DATASET RECORDS:

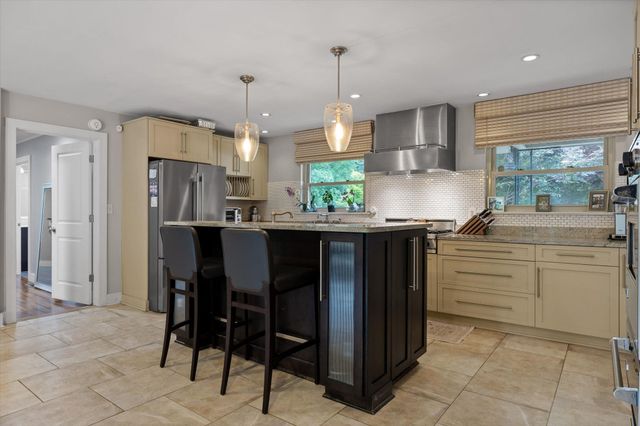5646 Crestview Drive, Hixson, TN 37343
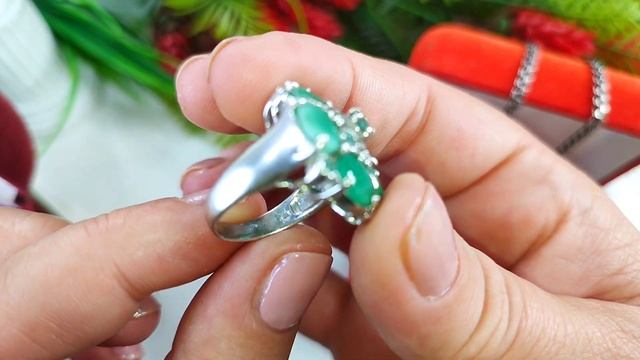 Сверкающее, яркое кольцо с природным изумрудами 6,12ct., 16,5 р-р, 9,71гр, s925, новое смотреть онлайн
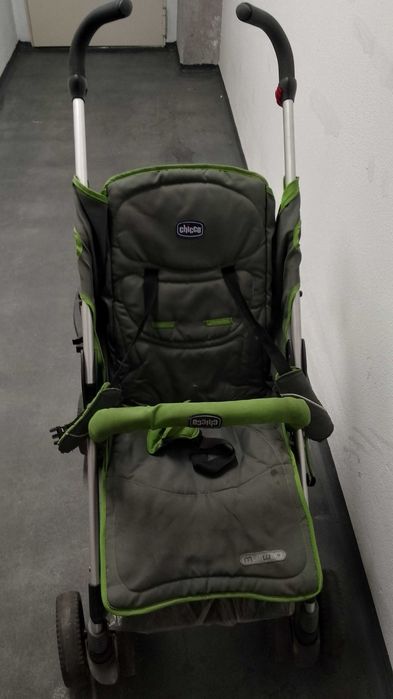 Pachet copii 0-8 ani (conține scaun de mașină Britax Römer, scaun de bicicletă, cărucior și patine)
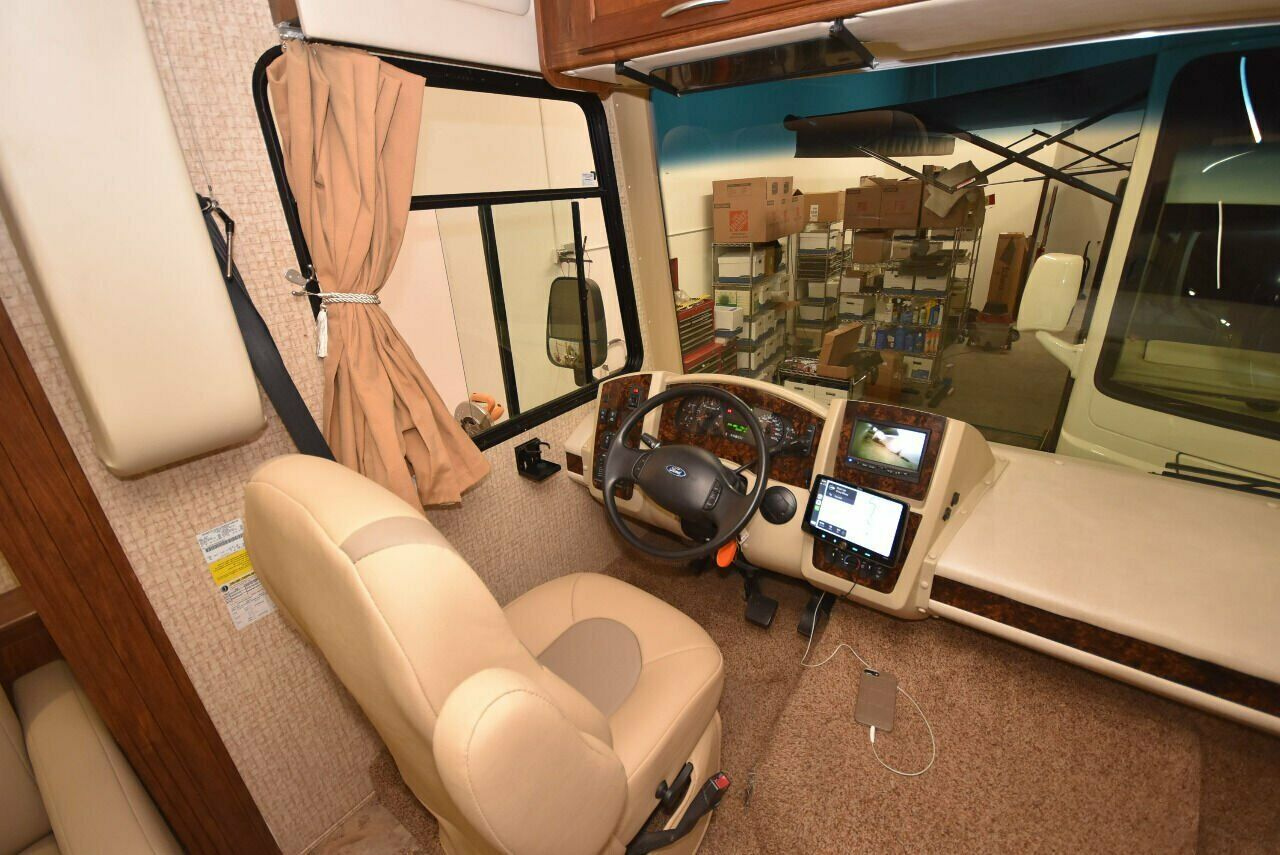 2015 Coachmen Pursuit 33BH - Image 30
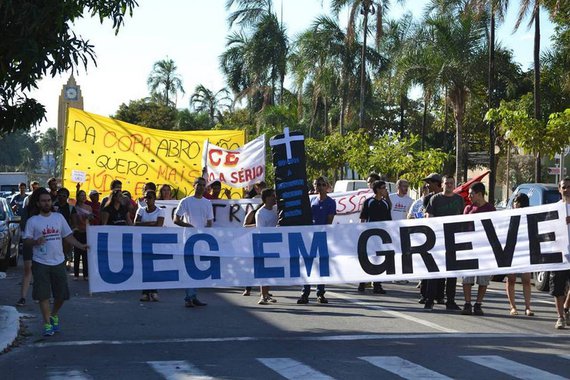 Greve na UEG chega ao fim após três meses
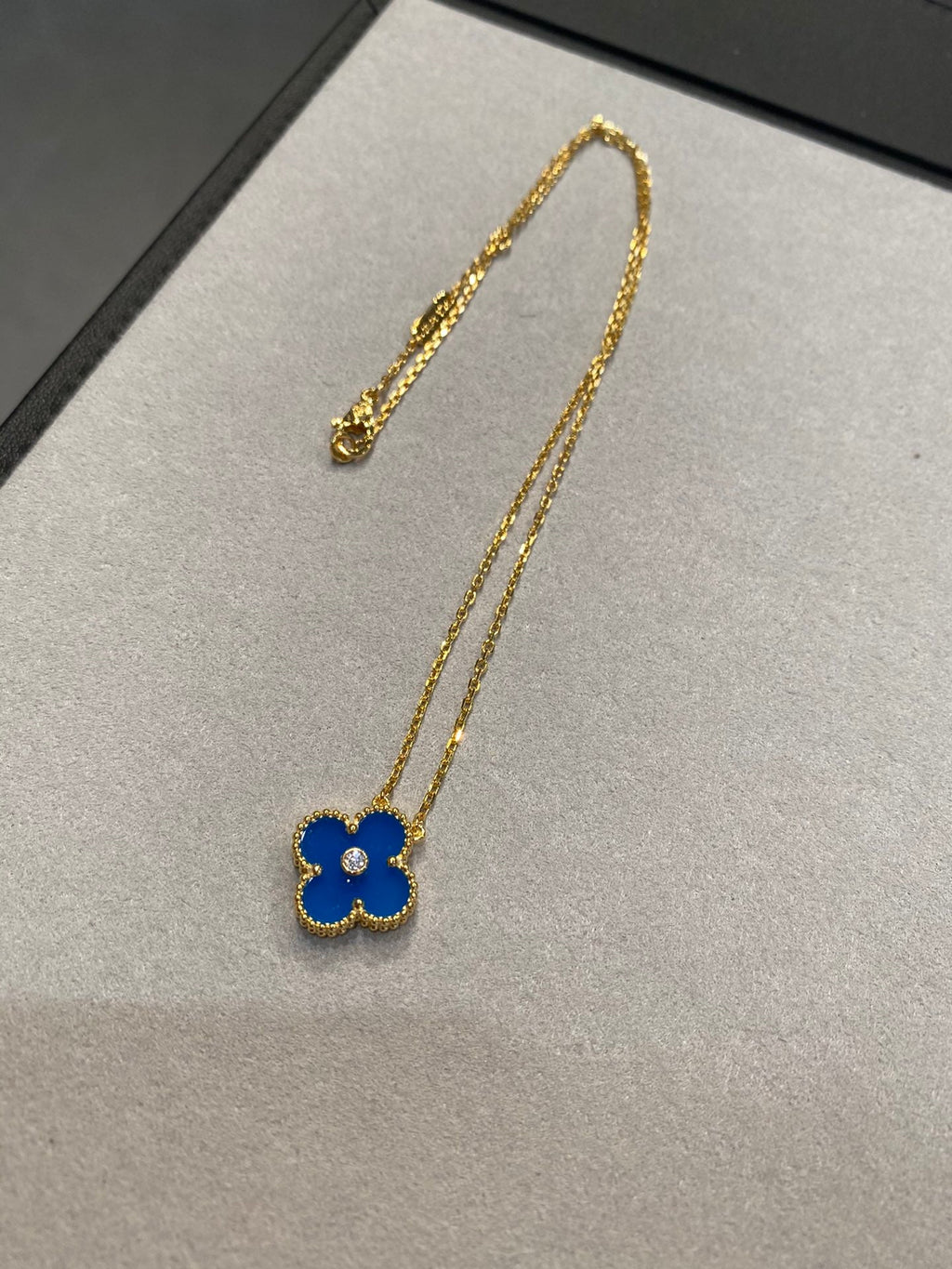 VCA Clover    Agate Blue 1 Diamond Necklace Gold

WHAT THE EXERCISE ASKS:
What you set down should be exactly the lines from the line containing "Сверкающее, яркое кольцо" to the last line of the entries above, both included, with no pictures.

WRITTEN SOLUTION:
 Сверкающее, яркое кольцо с природным изумрудами 6,12ct., 16,5 р-р, 9,71гр, s925, новое смотреть онлайн
 Pachet copii 0-8 ani (conține scaun de mașină Britax Römer, scaun de bicicletă, cărucior și patine)
 2015 Coachmen Pursuit 33BH - Image 30
 Greve na UEG chega ao fim após três meses
 VCA Clover    Agate Blue 1 Diamond Necklace Gold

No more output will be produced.